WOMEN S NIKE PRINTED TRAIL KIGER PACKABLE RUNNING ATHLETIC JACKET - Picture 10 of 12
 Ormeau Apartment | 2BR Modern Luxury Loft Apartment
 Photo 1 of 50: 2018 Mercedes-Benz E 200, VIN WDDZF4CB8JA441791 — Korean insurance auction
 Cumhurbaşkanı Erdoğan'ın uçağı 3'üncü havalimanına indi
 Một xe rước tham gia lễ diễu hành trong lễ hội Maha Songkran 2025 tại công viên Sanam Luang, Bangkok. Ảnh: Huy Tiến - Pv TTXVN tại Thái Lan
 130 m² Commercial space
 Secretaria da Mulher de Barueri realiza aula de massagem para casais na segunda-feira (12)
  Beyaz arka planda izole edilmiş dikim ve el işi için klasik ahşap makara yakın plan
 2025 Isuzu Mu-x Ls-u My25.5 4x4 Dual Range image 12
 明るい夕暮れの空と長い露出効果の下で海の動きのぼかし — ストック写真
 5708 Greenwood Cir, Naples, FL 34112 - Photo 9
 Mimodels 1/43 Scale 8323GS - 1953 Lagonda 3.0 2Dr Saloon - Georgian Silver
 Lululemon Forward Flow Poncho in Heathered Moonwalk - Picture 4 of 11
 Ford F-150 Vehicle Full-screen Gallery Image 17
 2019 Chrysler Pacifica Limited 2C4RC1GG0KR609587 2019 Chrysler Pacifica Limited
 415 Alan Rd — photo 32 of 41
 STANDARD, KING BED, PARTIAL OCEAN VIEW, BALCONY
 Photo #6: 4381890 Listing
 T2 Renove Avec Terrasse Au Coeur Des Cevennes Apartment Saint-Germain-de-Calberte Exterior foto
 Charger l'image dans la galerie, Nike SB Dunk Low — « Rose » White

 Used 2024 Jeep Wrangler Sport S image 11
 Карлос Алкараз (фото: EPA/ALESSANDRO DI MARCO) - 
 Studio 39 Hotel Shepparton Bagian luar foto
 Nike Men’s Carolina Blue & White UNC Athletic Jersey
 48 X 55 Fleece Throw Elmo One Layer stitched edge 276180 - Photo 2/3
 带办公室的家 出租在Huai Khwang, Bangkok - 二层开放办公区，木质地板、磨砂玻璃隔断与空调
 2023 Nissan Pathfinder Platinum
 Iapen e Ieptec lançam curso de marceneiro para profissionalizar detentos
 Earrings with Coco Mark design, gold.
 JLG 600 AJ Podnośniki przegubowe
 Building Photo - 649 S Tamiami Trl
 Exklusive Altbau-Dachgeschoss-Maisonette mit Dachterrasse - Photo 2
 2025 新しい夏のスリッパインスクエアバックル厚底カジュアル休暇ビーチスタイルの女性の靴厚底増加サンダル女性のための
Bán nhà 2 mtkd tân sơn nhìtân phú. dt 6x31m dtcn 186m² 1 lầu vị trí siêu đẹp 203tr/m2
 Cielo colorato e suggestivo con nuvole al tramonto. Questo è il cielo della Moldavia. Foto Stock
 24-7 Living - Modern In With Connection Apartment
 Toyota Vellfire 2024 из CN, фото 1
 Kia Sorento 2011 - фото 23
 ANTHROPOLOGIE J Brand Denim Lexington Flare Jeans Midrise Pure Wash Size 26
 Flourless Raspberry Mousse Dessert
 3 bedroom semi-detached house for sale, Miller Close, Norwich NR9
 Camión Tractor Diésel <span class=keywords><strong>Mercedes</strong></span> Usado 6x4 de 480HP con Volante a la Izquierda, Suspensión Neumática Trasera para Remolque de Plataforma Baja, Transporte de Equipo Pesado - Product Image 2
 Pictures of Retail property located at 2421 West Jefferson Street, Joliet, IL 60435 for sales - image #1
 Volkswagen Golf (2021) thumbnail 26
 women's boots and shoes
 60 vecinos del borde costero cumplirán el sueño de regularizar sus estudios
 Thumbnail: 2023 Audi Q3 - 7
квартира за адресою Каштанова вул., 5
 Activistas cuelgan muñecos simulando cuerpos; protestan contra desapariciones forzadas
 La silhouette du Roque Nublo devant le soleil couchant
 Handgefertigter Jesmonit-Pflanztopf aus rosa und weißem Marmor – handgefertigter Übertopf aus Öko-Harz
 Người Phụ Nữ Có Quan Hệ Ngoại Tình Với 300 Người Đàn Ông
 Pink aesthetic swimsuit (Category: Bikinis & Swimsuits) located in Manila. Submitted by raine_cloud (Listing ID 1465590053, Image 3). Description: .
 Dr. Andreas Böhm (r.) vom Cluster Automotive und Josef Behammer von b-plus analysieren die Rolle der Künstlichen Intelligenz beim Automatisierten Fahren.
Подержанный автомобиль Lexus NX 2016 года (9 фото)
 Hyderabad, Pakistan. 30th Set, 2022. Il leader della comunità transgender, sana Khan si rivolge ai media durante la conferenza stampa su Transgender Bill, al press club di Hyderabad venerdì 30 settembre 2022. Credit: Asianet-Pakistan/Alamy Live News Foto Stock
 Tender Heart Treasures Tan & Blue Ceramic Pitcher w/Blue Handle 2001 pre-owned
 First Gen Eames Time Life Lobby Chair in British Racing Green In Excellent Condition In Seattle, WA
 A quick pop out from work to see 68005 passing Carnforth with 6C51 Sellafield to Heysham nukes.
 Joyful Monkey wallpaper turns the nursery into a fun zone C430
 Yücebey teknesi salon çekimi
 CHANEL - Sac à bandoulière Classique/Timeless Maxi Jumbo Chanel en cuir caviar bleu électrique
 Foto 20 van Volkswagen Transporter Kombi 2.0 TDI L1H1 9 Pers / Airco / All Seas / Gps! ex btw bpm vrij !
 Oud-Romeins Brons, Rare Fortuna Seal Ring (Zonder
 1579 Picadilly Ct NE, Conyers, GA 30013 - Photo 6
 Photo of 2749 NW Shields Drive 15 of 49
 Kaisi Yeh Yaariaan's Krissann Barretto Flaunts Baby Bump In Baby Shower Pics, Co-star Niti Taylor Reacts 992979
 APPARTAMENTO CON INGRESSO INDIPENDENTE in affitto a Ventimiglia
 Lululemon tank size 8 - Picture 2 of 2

.....

Try it — Whenever a line in the data holds "Apartment", copy that line.

Solution —
 Ormeau Apartment | 2BR Modern Luxury Loft Apartment
 T2 Renove Avec Terrasse Au Coeur Des Cevennes Apartment Saint-Germain-de-Calberte Exterior foto
 24-7 Living - Modern In With Connection Apartment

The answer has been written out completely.